Também surge de uma necessidade da diretoria do sindicato de fazer uma discussão mais aprofundada, técnica, de problemas específicos, como comissão de salário, hora extra. Pensamos em como colocar isso de uma forma lúdica, como fazer o teatro contribuir com isso. Então partimos para o teatro de seminário, que é uma espécie de teatro invisível, dialogando um pouco com o teatro que o Augusto Boal andou fazendo. É uma coisa brechtiana. A pessoa não sabe que está envolvida em uma situação teatral.

Naquele momento o PT estava se constituindo. Qual foi a relação do Forja com isso?
Vários integrantes do Forja carregaram piano lá. Isso aparece na entrevista que faço com a Zezé (Maria José de Carvalho Elesbão) e o Edu (Eduardo Moreira), no livro; a Zezé conta como foi a participação dela, intensíssima, no processo de constituição do PT, do qual ela foi uma das primeiras filiadas. O grupo participou intensamente. Aliás, teve vários militantes do PT que eram oriundos do grupo de teatro e o deixaram para militar no partido. Não éramos todos filiados ao PT, mas boa parte sim. Eu mesmo carreguei piano lá muito tempo.

E o afastamento do sindicato?
O grupo se retirou do sindicato em solidariedade a mim, depois da demissão. Eles tentaram conversar com a diretoria, chamaram o Lula para uma reunião, o Lula disse que ia conversar com a diretoria para rever a posição. Mas não aconteceu e o grupo se retirou em massa do sindicato, passando a atuar nos espaços que a Prefeitura de São Bernardo cedeu. Foi um momento barra pesada, porque sem um local fixo de trabalho, sem infraestrutura, ficou difícil. Mas continuamos de 1986 até 1994, com muito mais dificuldade e de forma meio nômade: fazíamos um mês em um lugar, aí a Prefeitura pedia para sair e oferecia outro espaço, e assim por diante. O grupo deixou de ter uma referência fixa.
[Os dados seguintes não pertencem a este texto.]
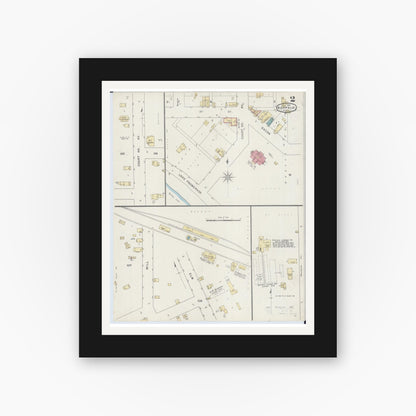 Old map wall art mockup — black gallery frame with white mat — Sanborn Fire Insurance Map from Buffalo, Wright County, Minnesota (1894), Sheet #0002
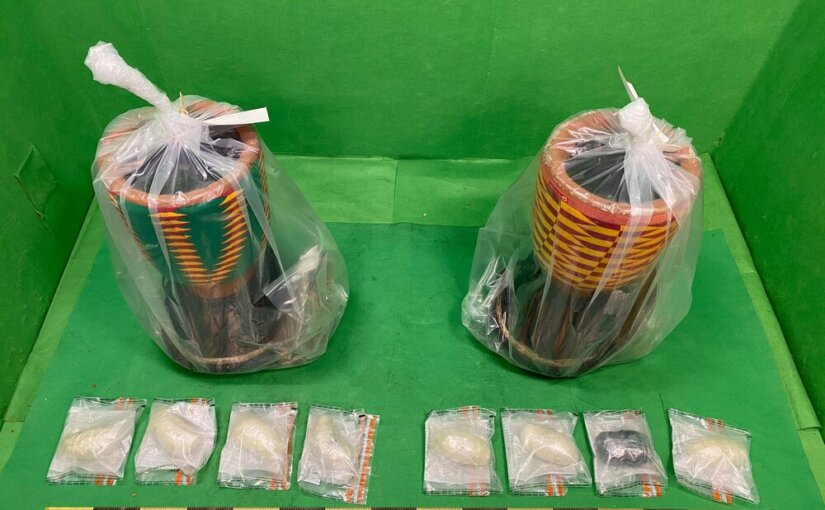 $1.1m worth of methamphetamine discovered inside pair of African drums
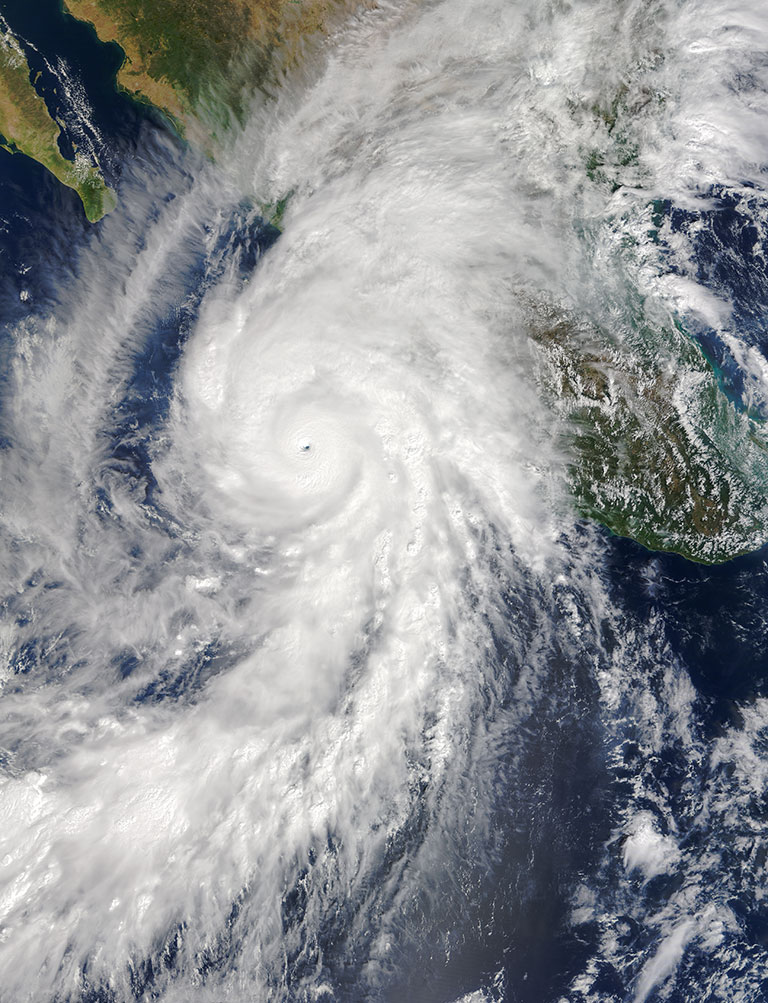 The Moderate Resolution Imaging Spectroradiometer (MODIS) instrument on NASA's Terra satellite captured an image of Hurricane Patricia, the ninth hurricane in the eastern Pacific to reach category 4 or 5 status during the 2015 season. Credit: NASA's Earth Observatory.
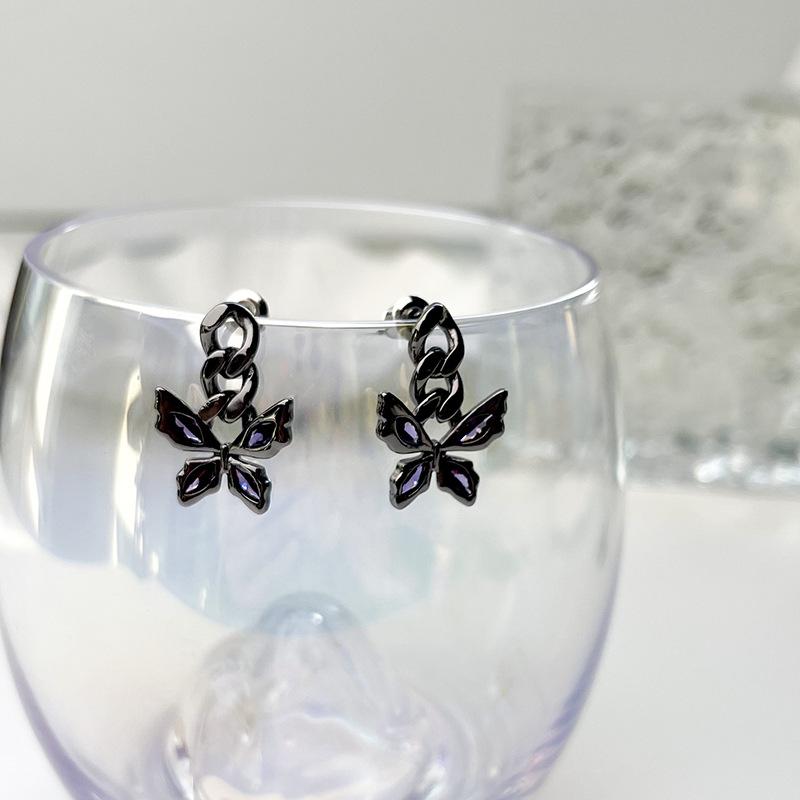 Sweet Cool Wind Dark Butterfly Stud Earrings Earrings Purple Gemstone Earrings Women'S Niche Design High-End Cool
A sede, até então, era no sindicato.

Com a saída, o público continuou sendo majoritariamente operário?
Começou a mesclar, porque não tinha mais a penetração na fábrica. Antes contávamos com o boletim do sindicato, que fazia a convocação; era uma comunicação direta com o interior da fábrica. A partir daí começou a não ter mais isso. Só quem era do grupo e estava dentro da fábrica trazia os colegas, mas claro que muito limitadamente. Por isso fomos perdendo força.

Como você vê a cultura – e, mais especificamente, o teatro – de esquerda hoje, em uma fase de refluxo da classe trabalhadora? Há relação com o que vocês fizeram naquela época?
A relação é mínima, porque as pessoas nem tinham mais conhecimento do Forja. Escrevi o livro justamente para colocar na pauta do dia que já houve um grupo de operários atores – o que é muito diferente de um ex-aluno da Escola de Arte Dramática ou da Escola Livre de Teatro fazer teatro discutindo as causas operárias. É um pessoal de classe média, normalmente oriundo de escolas de teatro, que discute as questões políticas e históricas do Brasil. A discussão da questão da luta de classes no Brasil está colocada. Há um ressoar do que foi o movimento artístico da década de 1960, via CPC, Teatro Paulista do Estudante, Teatro de Arena, nesses grupos que estão se organizando. Mas é sempre o homem de classe média discutindo, como foi o CPC. A diferença entre o CPC e o Forja é que o CPC falava para os operários e, no Forja, era operário falando para operário. Não que seja algum demérito, ao contrário; esse teatro de classe média de hoje, que fala sobre questões do trabalhador, é de fundamental importância. Do ano de 2000 para frente, sobretudo nos últimos quatro anos, tem crescido muito essa discussão. Só espero que o combustível não seja a verba do [Programa Municipal de] Fomento [ao Teatro, criado em 2002, em São Paulo]. Espero que o combustível seja a ideologia mesmo.